Prompt:
What lines below include the word "Garden"? Copy each one.

The records:
/---
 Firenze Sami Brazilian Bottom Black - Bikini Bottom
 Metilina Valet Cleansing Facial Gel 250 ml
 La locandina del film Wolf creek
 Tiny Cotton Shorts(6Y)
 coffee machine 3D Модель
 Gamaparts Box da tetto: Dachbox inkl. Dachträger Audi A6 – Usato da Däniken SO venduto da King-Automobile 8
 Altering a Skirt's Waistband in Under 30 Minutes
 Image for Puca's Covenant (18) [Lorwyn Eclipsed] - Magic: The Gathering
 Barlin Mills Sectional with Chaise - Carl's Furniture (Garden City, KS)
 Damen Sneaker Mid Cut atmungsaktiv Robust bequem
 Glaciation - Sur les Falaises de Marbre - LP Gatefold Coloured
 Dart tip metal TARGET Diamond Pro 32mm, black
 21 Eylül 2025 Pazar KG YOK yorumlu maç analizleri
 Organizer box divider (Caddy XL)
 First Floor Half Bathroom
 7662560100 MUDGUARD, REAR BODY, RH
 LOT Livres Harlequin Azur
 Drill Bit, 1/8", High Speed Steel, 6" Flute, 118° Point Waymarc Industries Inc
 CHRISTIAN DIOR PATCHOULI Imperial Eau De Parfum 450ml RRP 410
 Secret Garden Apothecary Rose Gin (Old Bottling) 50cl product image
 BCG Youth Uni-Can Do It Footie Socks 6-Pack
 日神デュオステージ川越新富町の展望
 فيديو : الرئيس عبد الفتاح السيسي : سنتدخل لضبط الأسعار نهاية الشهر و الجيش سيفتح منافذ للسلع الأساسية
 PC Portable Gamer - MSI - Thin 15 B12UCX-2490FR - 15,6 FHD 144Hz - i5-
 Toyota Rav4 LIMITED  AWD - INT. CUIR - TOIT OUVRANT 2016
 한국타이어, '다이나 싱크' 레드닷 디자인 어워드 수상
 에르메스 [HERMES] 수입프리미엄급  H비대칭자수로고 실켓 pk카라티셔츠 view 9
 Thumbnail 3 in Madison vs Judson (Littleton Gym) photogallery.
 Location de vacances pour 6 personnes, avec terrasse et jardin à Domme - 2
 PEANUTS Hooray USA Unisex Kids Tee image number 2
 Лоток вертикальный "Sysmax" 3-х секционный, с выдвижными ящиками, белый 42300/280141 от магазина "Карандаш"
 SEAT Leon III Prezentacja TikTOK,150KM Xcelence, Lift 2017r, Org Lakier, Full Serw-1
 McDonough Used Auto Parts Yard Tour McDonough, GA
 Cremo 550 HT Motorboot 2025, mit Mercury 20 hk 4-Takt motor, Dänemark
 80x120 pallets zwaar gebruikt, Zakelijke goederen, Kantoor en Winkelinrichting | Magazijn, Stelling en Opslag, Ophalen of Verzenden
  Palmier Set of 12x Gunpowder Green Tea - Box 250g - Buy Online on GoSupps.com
\---
Result of this exercise:
 Barlin Mills Sectional with Chaise - Carl's Furniture (Garden City, KS)
 Secret Garden Apothecary Rose Gin (Old Bottling) 50cl product image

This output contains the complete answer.